My daughter is quite proud of me.  She discovered a cache of my collection of the Advocate and Out Magazine.  When she meets someone who is gay she proudly announces, “My Dad is Gay.”  My son lives in NW Portland and my daughter lives in South Carolina.  My son is a retired geologist. In the early 2000s with my daughter and I think they talked about it, so he was not surprised. My son would like to chalk it up to my foolishness.  I see him once a week and we have a beer.

Marriage Equality:

I’m all for it. I’m so pleased that New York now had marriage equality and so pissed at California and pissed at the Catholics and the Mormons for interfering and hoping more states will follow New York.

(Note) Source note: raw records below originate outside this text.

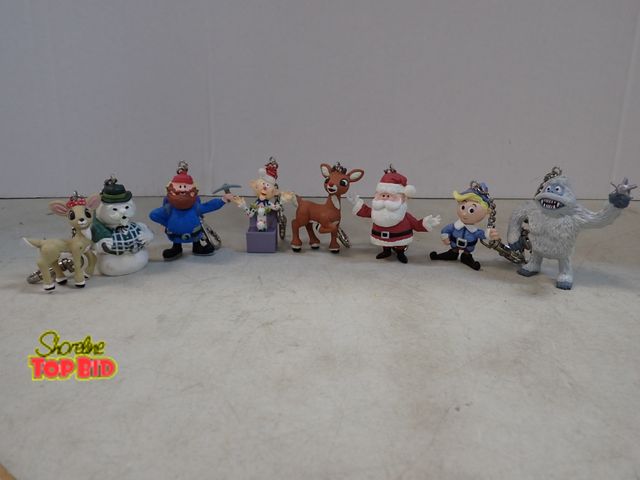 Lot 59-41645 - Collection of 8 keychains, character's based on the 1964 TV special Rudolph the red nose reindeer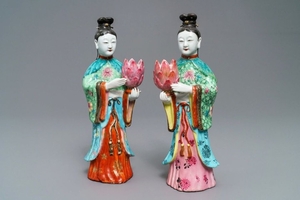 Two Chinese famille rose candle holders modelled a…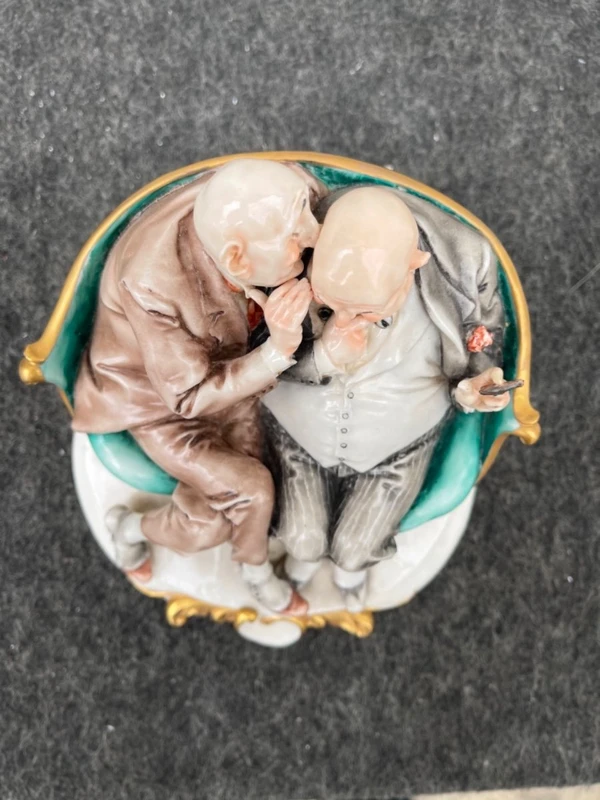 Sculpture caricaturale en porcelaine représentant deux amis qui se chuchotent à l'oreille.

How and why did you end up here at Rainbow Vista? 

When I moved to Portland, I moved to another elderly community outside of Beaverton.  The guy I was seeing here in Gresham told me there was a gay retirement village.  I came here and met Ian and Hank and I knew this was the place I wanted to be.  Because you can relax and be who you are here.  I don’t have to think about it I don’t have to think about my safety here.  It is nice to be here with other gay people.

What do you want people to take away from this interview?

That it is possible to have a place like this for gay people. We exist and we are persistent.

I want to thank Bill and Ian for their time.  I also want to thank Bill for sharing a part of his story. I love what he said: “We exist and we are persistent.”